What you need to do: In the material below, find the span from the line with "In this program, we" to the line with "HTC had mixed" and transcribe only those lines, exactly, ends included, without the pictures.

Given data:
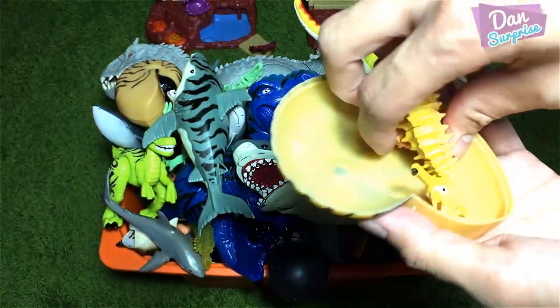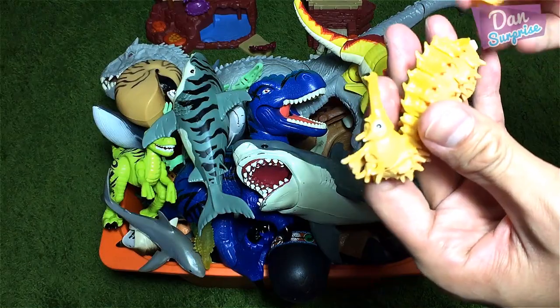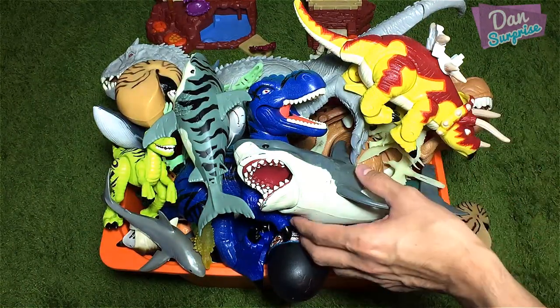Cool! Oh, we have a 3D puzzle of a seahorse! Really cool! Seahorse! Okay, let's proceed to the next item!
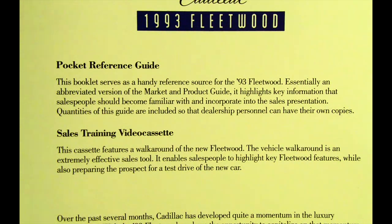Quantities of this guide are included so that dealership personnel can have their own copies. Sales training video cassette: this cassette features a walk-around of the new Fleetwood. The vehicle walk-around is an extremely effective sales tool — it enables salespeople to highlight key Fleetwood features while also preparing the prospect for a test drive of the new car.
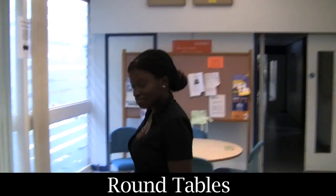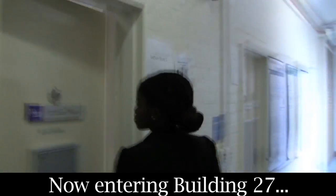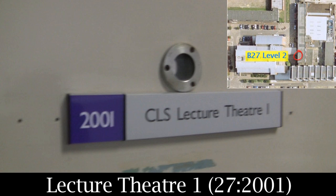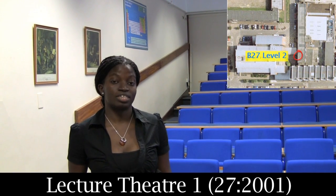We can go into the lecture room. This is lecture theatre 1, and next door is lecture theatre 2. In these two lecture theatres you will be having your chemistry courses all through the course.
--
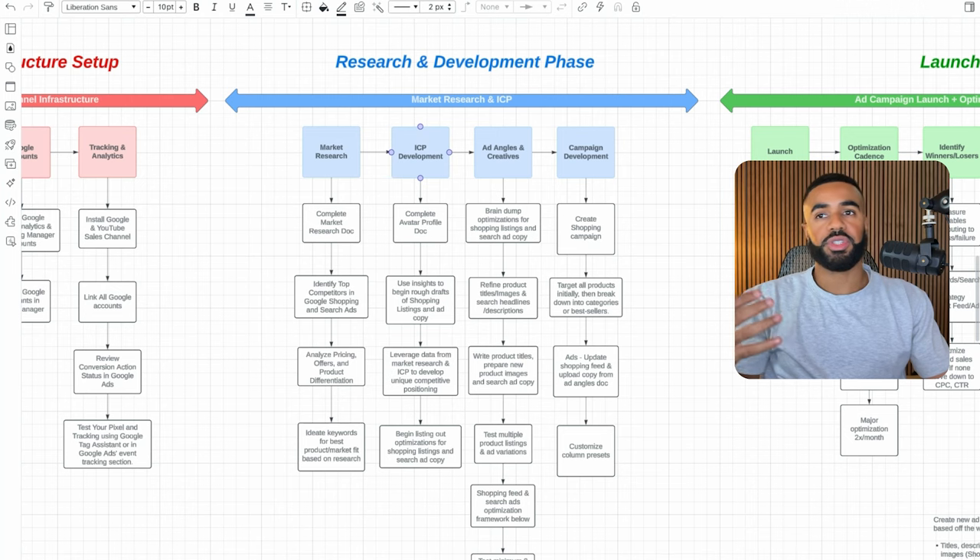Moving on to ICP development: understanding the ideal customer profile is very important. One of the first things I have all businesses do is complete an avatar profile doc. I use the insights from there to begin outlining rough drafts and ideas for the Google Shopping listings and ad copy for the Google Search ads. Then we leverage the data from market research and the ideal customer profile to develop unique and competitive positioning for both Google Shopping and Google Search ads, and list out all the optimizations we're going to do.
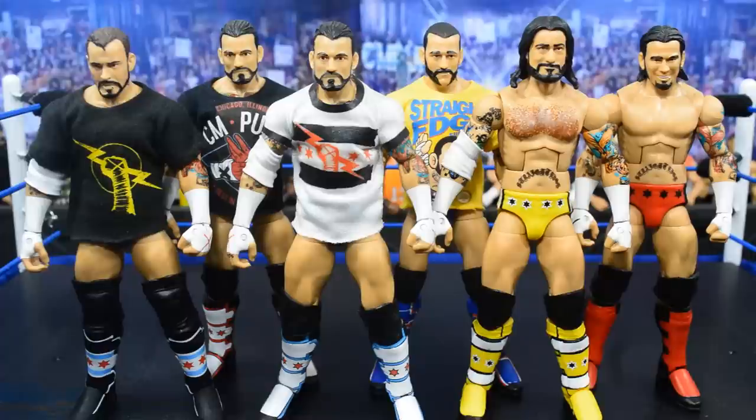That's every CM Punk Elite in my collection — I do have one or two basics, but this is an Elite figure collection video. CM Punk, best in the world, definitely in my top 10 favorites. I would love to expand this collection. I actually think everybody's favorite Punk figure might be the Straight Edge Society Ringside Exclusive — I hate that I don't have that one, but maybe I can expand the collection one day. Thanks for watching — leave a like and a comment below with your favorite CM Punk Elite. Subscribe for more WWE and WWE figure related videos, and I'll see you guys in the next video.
...
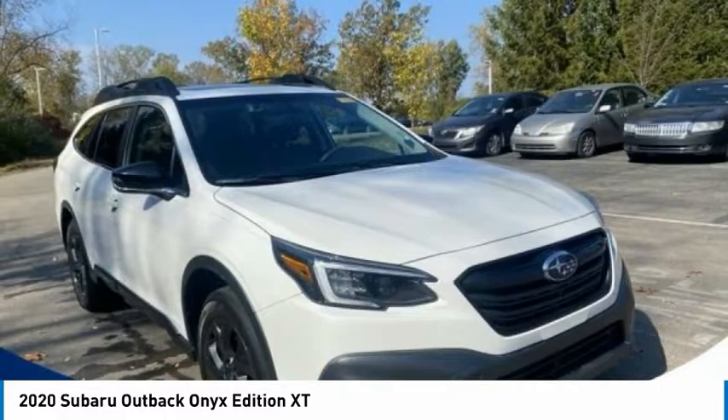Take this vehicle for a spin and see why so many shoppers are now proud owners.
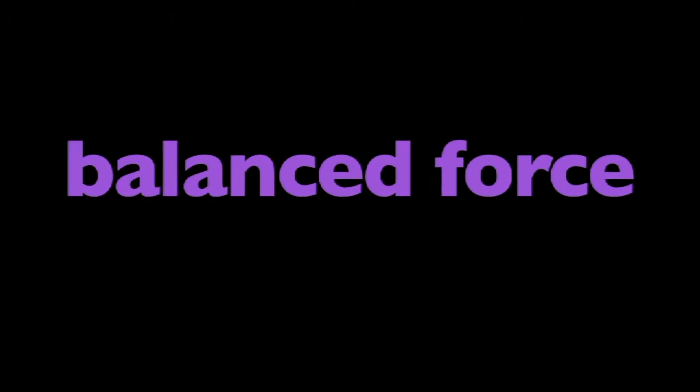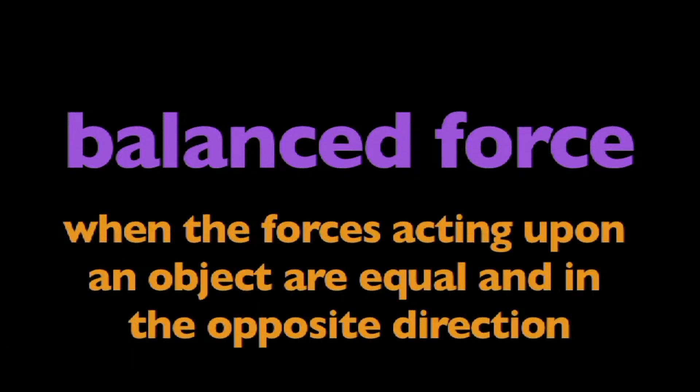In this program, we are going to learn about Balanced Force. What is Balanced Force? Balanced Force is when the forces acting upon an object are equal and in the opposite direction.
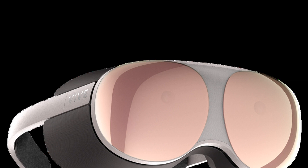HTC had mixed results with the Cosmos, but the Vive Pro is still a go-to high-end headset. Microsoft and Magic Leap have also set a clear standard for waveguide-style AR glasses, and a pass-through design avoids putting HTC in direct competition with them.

Task output:
In this program, we are going to learn about Balanced Force. What is Balanced Force? Balanced Force is when the forces acting upon an object are equal and in the opposite direction.
HTC had mixed results with the Cosmos, but the Vive Pro is still a go-to high-end headset. Microsoft and Magic Leap have also set a clear standard for waveguide-style AR glasses, and a pass-through design avoids putting HTC in direct competition with them.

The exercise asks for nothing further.